Task prompt: Transcribe every line of the material below exactly, leaving out the pictures.

··· Listed records

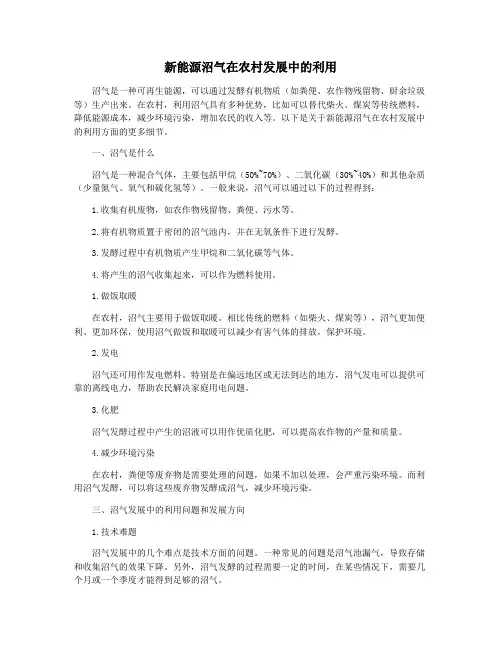 新能源沼气在农村发展中的利用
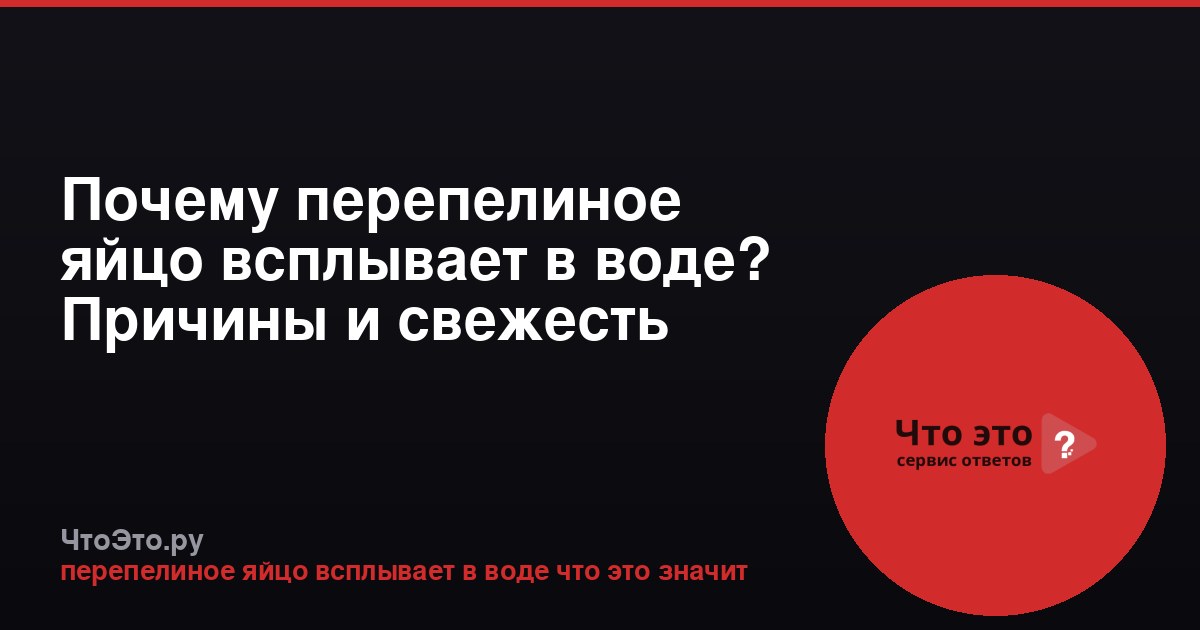 Почему перепелиное яйцо всплывает в воде? Причины и свежесть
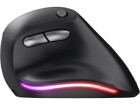 Trust Computer Trust Bayo - Vertical mouse - ergonomic - right-handed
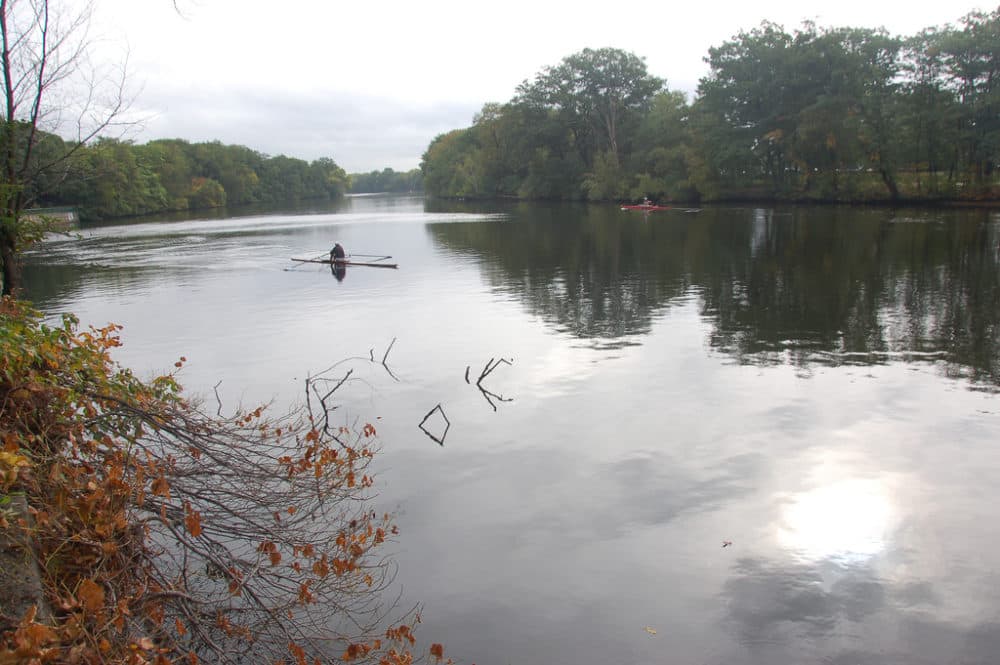 The Charles River in Watertown (Courtesy of Chris Devers/Flickr)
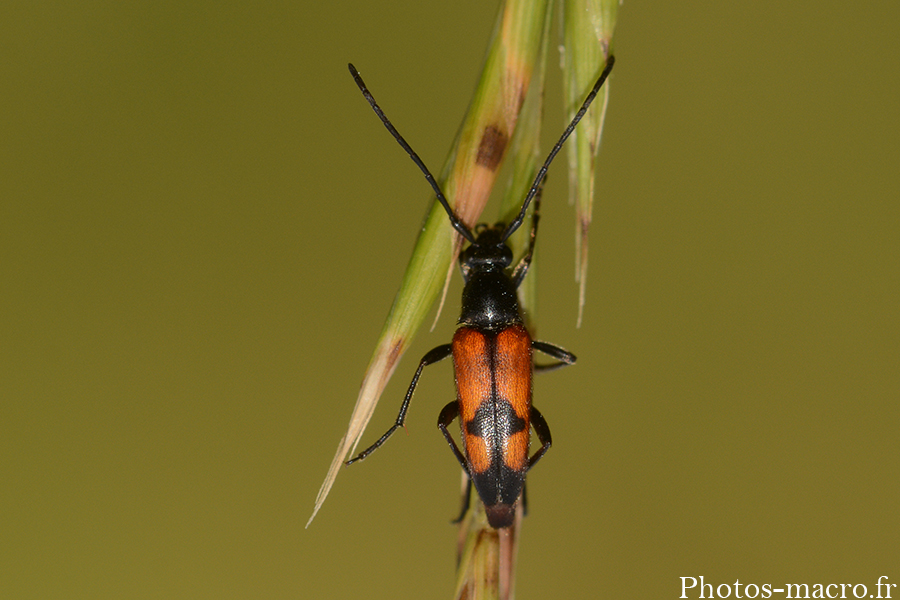 Stenurella bifasciata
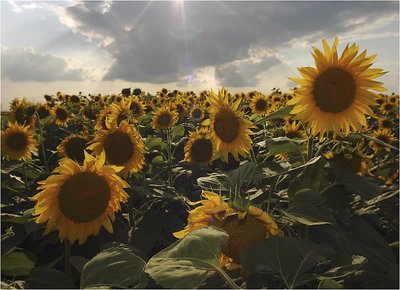 Sunflowers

······

Written solution:
 新能源沼气在农村发展中的利用
 Почему перепелиное яйцо всплывает в воде? Причины и свежесть
 Trust Computer Trust Bayo - Vertical mouse - ergonomic - right-handed
 The Charles River in Watertown (Courtesy of Chris Devers/Flickr)
 Stenurella bifasciata
 Sunflowers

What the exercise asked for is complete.